Decimal Equivalent of Binary Number (11001.011)

To find the decimal equivalent of a binary number, we need to understand the value of each digit in the binary number system. The binary number system is a base-2 system, meaning it uses only two digits: 0 and 1. Each digit in a binary number represents a power of 2.

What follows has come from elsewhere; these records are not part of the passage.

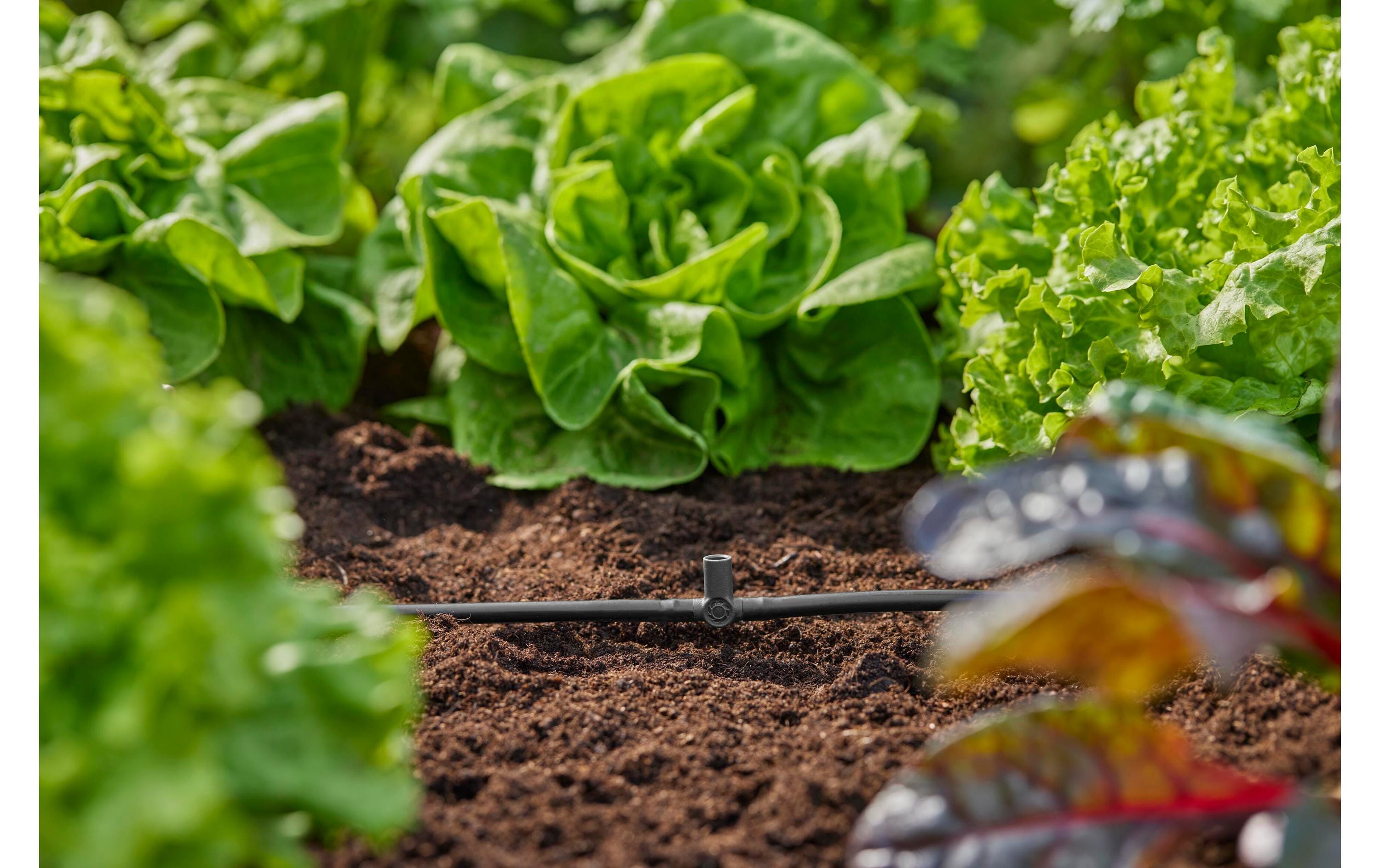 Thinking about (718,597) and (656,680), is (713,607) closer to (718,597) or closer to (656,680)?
(718,597)

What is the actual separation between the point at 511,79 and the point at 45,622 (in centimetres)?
217

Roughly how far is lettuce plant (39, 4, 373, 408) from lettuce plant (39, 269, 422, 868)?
1461 mm

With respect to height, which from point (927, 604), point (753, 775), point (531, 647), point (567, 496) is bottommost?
point (567, 496)

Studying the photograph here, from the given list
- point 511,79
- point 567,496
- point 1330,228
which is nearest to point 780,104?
point 511,79

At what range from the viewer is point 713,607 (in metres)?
1.75

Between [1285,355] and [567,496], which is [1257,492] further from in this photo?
[567,496]

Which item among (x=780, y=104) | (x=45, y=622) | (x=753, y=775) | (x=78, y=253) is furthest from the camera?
(x=780, y=104)

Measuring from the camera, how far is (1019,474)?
1032 mm

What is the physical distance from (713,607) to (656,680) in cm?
17

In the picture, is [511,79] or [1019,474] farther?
[511,79]

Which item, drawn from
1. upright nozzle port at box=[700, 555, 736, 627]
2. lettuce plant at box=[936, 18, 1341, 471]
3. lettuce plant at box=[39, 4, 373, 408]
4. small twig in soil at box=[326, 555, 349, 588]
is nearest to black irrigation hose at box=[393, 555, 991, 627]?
upright nozzle port at box=[700, 555, 736, 627]

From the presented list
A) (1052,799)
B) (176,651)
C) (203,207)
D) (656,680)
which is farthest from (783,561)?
(203,207)

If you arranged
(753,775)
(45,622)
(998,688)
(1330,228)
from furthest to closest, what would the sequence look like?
(1330,228), (998,688), (753,775), (45,622)

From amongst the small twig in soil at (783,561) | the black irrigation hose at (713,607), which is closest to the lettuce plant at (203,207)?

Step 1: Understanding the Binary Number
The given binary number is (11001.011). Let's break it down into two parts: the integer part and the fractional part.

Integer Part: 11001
Fractional Part: 011

Step 2: Converting the Integer Part to Decimal
To convert the integer part from binary to decimal, we can use the place value method. Starting from the rightmost digit, we assign powers of 2 to each digit, increasing from right to left.

11001 = (1 * 2^4) + (1 * 2^3) + (0 * 2^2) + (0 * 2^1) + (1 * 2^0)
= 16 + 8 + 0 + 0 + 1
= 25

So, the integer part (11001) in binary is equal to 25 in decimal.

Step 3: Converting the Fractional Part to Decimal
To convert the fractional part from binary to decimal, we use negative powers of 2. Starting from the leftmost digit after the decimal point, we assign negative powers of 2 to each digit, decreasing from left to right.

0.011 = (0 * 2^-1) + (1 * 2^-2) + (1 * 2^-3)
= 0 + 0.25 + 0.125
= 0.375

So, the fractional part (0.011) in binary is equal to 0.375 in decimal.

Step 4: Combining the Integer and Fractional Parts
To find the decimal equivalent of the given binary number (11001.011), we combine the values obtained from the integer and fractional parts.

Decimal Equivalent = Integer Part + Fractional Part
= 25 + 0.375
= 25.375

Therefore, the decimal equivalent of the binary number (11001.011) is 25.375.